Christelle Brua, la perfection au féminin

Après avoir passé 16 ans au Pré Catelan, la cheffe pâtissière lorraine a rejoint en 2019 les cuisines de l'Elysée. Avec ses recettes irrésistibles, cette collectionneuse de livres est une référence. 

Christelle Brua, la perfection au féminin
© GINIES/SIPA

Lorsqu'elle fut élue "Meilleure pâtissière de restaurant au monde" en 2018, Christelle Brua s'est remémorée tout le travail accompli pour devenir cette grande pâtissière reconnue. Sa carrière est intimement liée à sa relation de confiance nouée avec Frédéric Anton. Durant 18 ans, tous deux ont brillamment maintenu les trois étoiles au sommet du Pré Catelan. Un parcours sans faute de goût qui se poursuit aujourd'hui dans les cuisines de l'Elysée

La fidélité comme maître-mot

Enfant, Christelle Brua ne rêvait pas de pâtisserie. Née le 10 juillet 1977 à Sarrebourg (Moselle), elle espère devenir une styliste renommée. Bac littéraire en poche, elle s'apprête à intégrer une école. Avant, elle décide d'aider ses parents restaurateurs à l'Auberge du Grand Soldat à Abreschviller (57) qui "servaient 80 couverts midi et soir sans aucun personnel". Au milieu des plats mijotés et des petits aux fruits secs, Christelle prend goût à la cuisine. "Le stylisme, c'était de la création à partir de tissus. Aujourd'hui, je crée à partir de morceaux de sucre."
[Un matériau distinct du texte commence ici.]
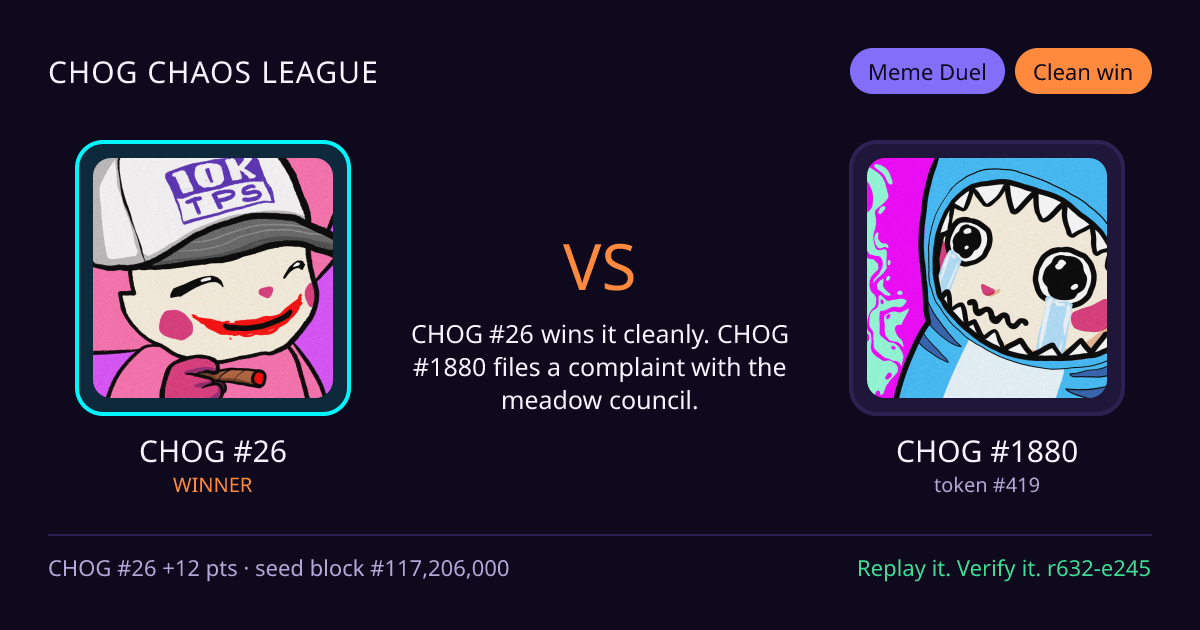 Highlight card: CHOG #26 versus CHOG #1880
À 18 ans, la voici en apprentissage au milieu d'élèves bien plus jeunes. Un CAP puis un BEP en poche, elle décide de faire ses premiers pas chez Jean-George Klein, à L'Arnsbourg. Cet établissement réputé et doublement étoilé agit comme un déclic lorsqu'elle découvre la pâtisserie. "Je traînais sans cesse dans les pieds de la mère du chef, Lily, qui s'occupait des desserts. Je me levais plus tôt pour l'observer et la questionner et dès que j'avais une minute, je quittais mon poste de cuisinière pour aller l'aider."

Anton, son alter-ego

biographie-christelle-brua
© Arnaud Gumez/SIPA/1410161233

Sa soif d'apprentissage débouche sur de nombreuses lectures – Christelle Brua possède plus de 2000 livres – et un titre de Meilleure Apprentie de Moselle. À 25 ans, elle devient cheffe pâtissière de L'Arnsbourg et participe grandement à l'obtention de la troisième étoile. Mais cette artiste dans l'âme à une idée fixe dans la tête : monter à Paris et travailler avec Frédéric Anton. "Je suis têtue, je sais ce que je veux. J'ai téléphoné 50 fois pour être embauchée par Frédéric Anton au Pré Catelan." Lors de son entretien en 2003, elle concocte un dessert à base de poires confites accompagné d'un croustillant chocolat qui fait mouche.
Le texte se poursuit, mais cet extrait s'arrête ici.